Maturity models can be a divisive topic. Used correctly, they set a path for an organization that has enough process and documentation to survive the varying competence of its leaders and employees. Used improperly, they become a cudgel to beat down employee morale and creativity.
My first exposure was to DOD's Capability Maturity Model circa 2000. At the time, CMM was all the rage. Indian companies were pushing for CMM level 5, and using their CMM rating to overcome the remoteness of their employees to US companies. Data suggested moving from one level to the next took 24 months. I succeeded in the challenge to shorten that to 18 months for the 30-person program I was on...from Level 2 to 3. Yippee.
Since then, CMM matured to include Capability tailoring. About a decade after my first use, I used that tailoring to create a framework that defined a sustainable program--any sustainable program. I combined a change management maturity framework and a tailored domain-specific framework. That program continues to use much of what we rolled out a decade earlier.
"Culture change takes ten years, and you are always in Year Five." I've waxed poetic about culture earlier in this blog. The culture is, and leadership pushes against its inertia to change it. That's why it takes a decade, and why you are always in the middle of the culture change. That's also why mediocre organizations benefit briefly from inspired leadership. Personalities move on, and the culture reverts to stasis. That typifies what CMM describes as Level 1-Ad Hoc. There are flashes of brilliance due to heroics, but no follow through to standardize brilliance.
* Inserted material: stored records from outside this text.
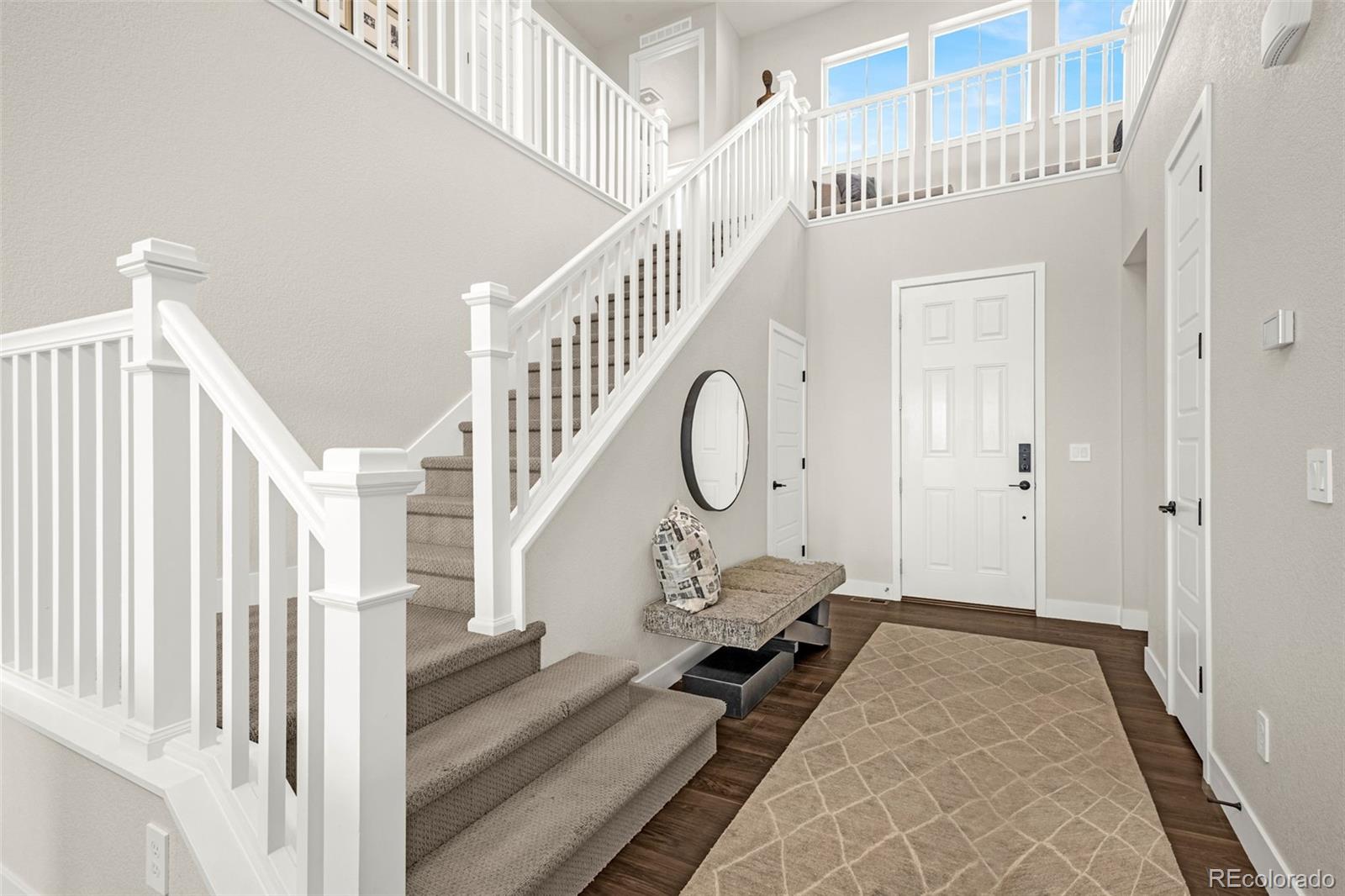 MLS Image #16 for 174  rockingham circle,castle pines, Colorado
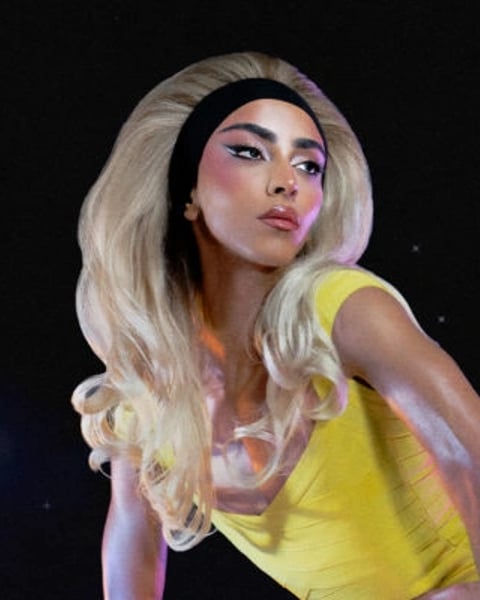 Bilal Hassani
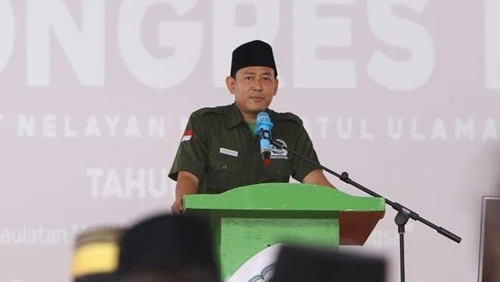 Tokoh Muda NU Witjaksono Dipanggil Jokowi di Tengah Isu Reshuffle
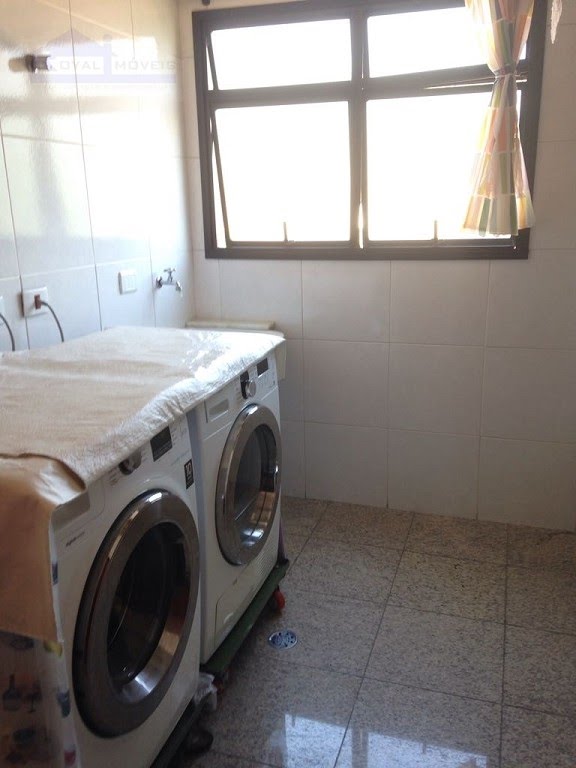 Apartamento à venda com 4 quartos, 1 suíte, 3 vagas e 140m² no Vila Mariana, São Paulo (SP) — foto 29 de 30
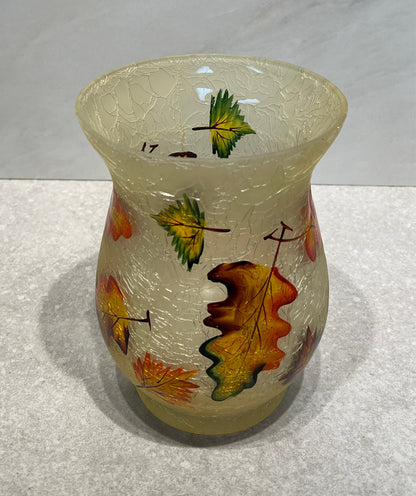 Candleholder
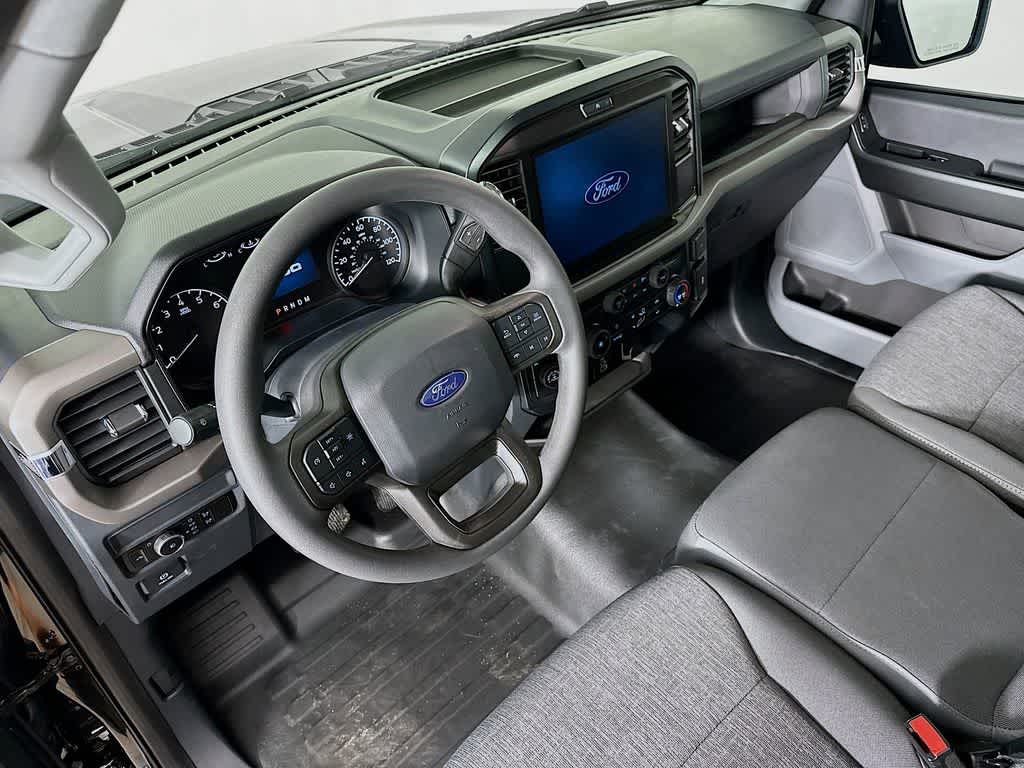 Ford F-150 XL 2026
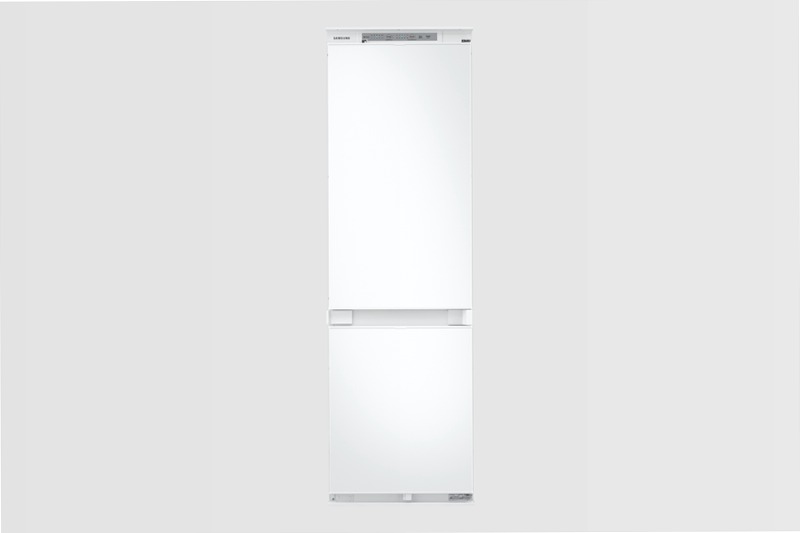 Frigorifero Combinato Samsung F1RST™ - 267L Total No Frost E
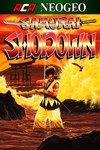 *ACA NEOGEO SAMURAI SHODOWN *XBOX *Быстро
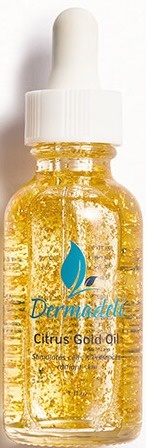 Citrus Gold Oil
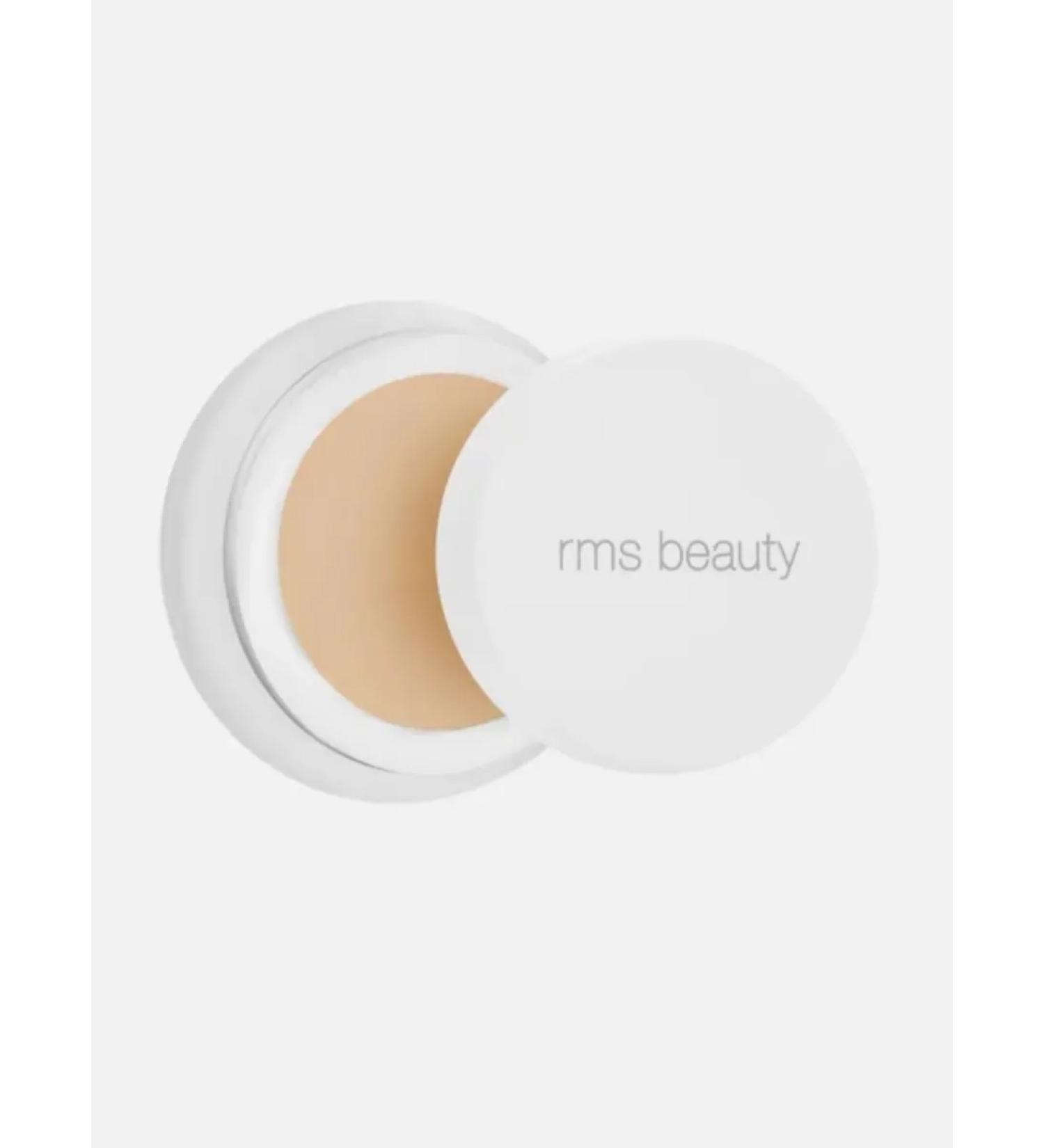 RMS Facial Conceler UNCOVERUP Concealer 000 - Buy Online on GoSupps.com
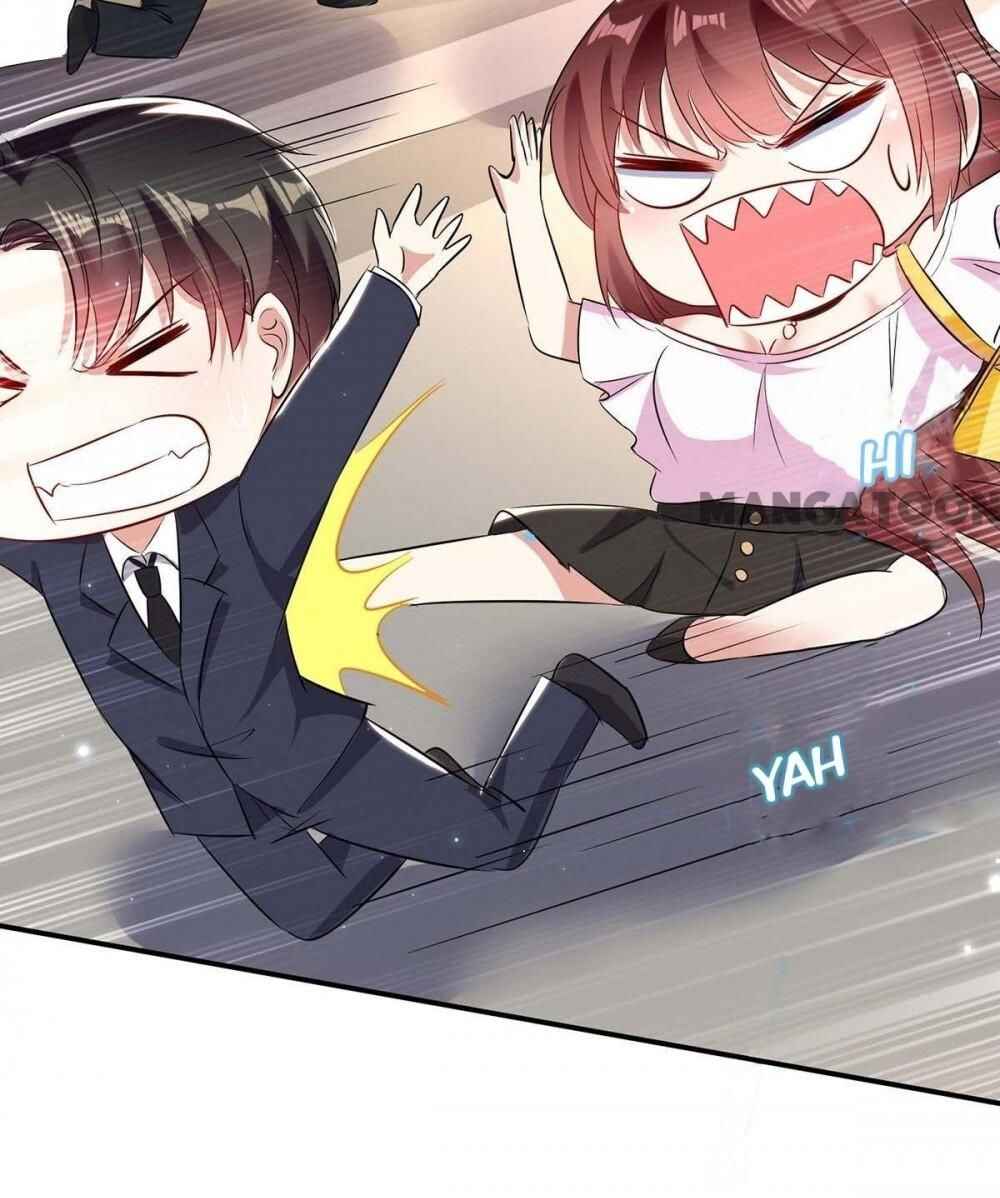 Genius Cool Treasure: President's Wife Is Too Powerful Chapter 58 - Page 14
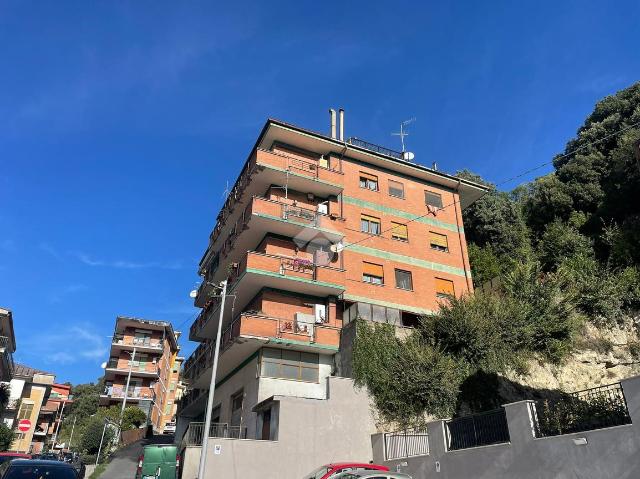 Vierzimmerwohnung in Via Poggio Verde 71, Subiaco - Foto 1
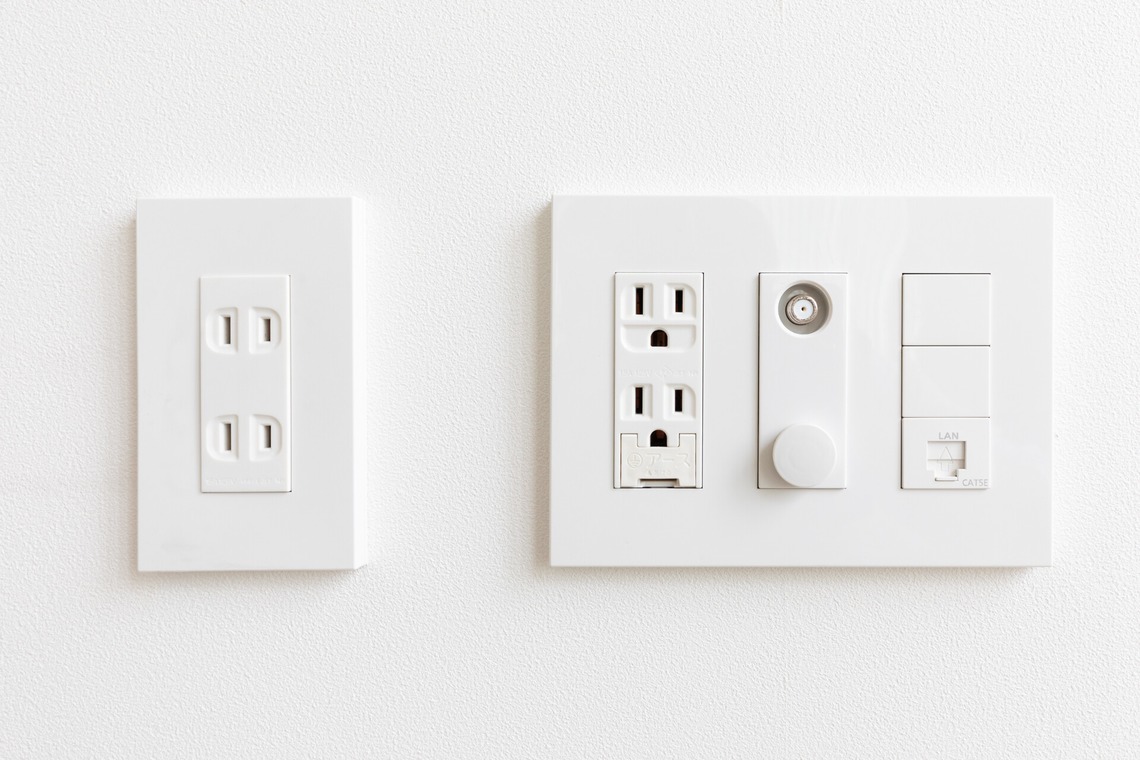 大森美紗生が撮影した写真のアルバム「マンション内観撮影」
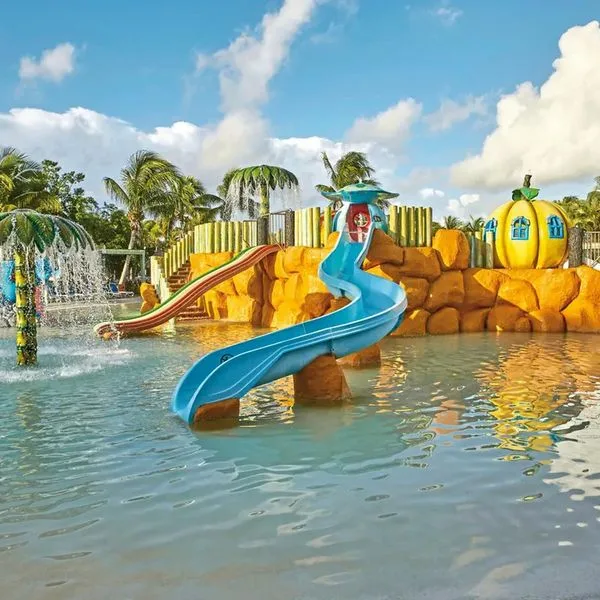 Bahia Principe Grand Coba - zdjęcie 4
What happened to all those companies that went to CMM-5? Within five years, they were out of business. Their process management became too expensive, and they priced themselves out of the market. I opine CMM-3 is the sweet spot, where all aspects of an organization are defined, documented, and followed. Individual heroics are replaced with repeatable brilliance. Interestingly, capability tailoring caps out at CMM-3.
I grew up believing that a parent's success is shown by how their grandchildren turn out. It means their kids turned out well, married suitable spouses who helped create a suitable family for the grandkids. Success as a manager can only be measured if the organization they transformed sustains that transformation years after they left. Otherwise, it's just heroics.